Dilution A: 100ul + 900ul media (1:10)
Dilution B: 100ul of A + 900ul media (1:100)
Dilution C: 100ul of B + 900ul media (1:1000)
and so on until you find your 'optimal dilution range' for this type of sample.
In the end you calculate CFU/ml using your dilution factor, then adjust the results with starting mass/volume to get your CFU/g.
So if you used 1g of meat in 10ml final volume, multiply your count: CFU/ml * 10ml/1g (meat)=CFU/g
Correct me if I'm wrong but this is the method I always used in the past.
Good luck :)
Hi Danica,
Sorry but i have to disagree with you on this one. Maybe different product types have their own individual characteristics/variations.
IMEX bacterial data when compared between labs, and particularly in different countries, is often unbelievably variant. And accepted to be so.
I have had endless arguments over methodological variations between micro. labs/countries due to divergences in procedures/interpretations.
Additionally many in-house labs (and some external ones !) generate their own modifications of "standard" methods to suit their specific product types.
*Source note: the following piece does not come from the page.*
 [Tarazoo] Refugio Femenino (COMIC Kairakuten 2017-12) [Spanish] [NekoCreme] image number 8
These operational shortcuts (eg method steps, small samples, small volumes, no duplicates, one dilution only) can often save time/material/effort for internal work but become unreliable when used outside their validated scope.
"Standard" methods also display a bewildering variety of calculation methods for plate counts.
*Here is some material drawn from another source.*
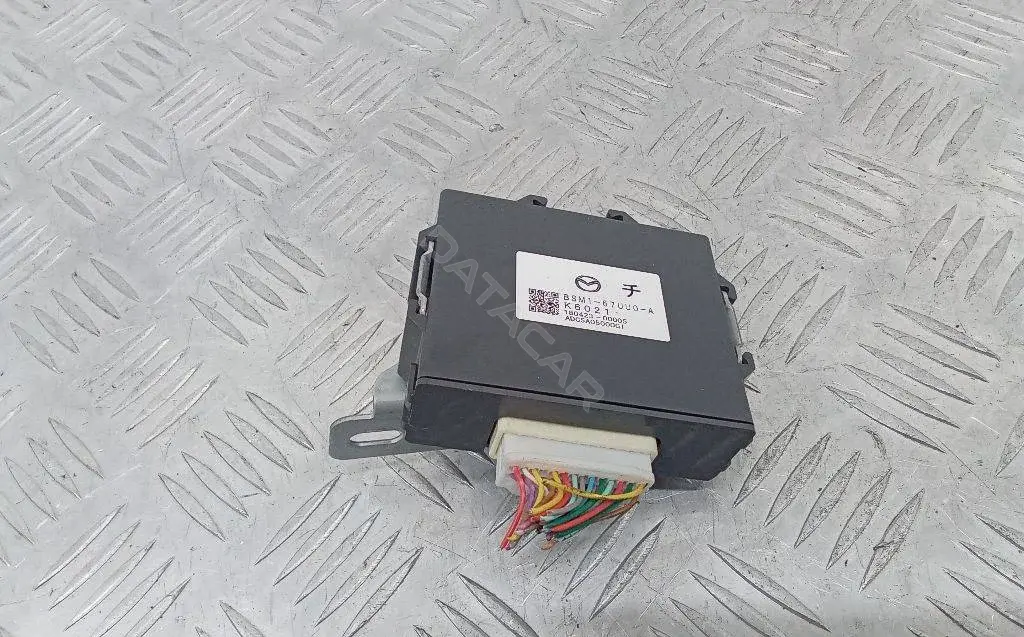 Блок управления парктрониками BSM167UU0A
I suspect that the well-known nmMc decision procedure was invented to handle the typical scatter in microbiological plate counts. Some EC experts even proposed that the "M" in this menu is presented with a (+/-) acceptance range.
My recommendation to Ulysses is that he choose one Standard method to follow. Which one depends on the projected usage, and possibly (local?) Regulatory/customer factors.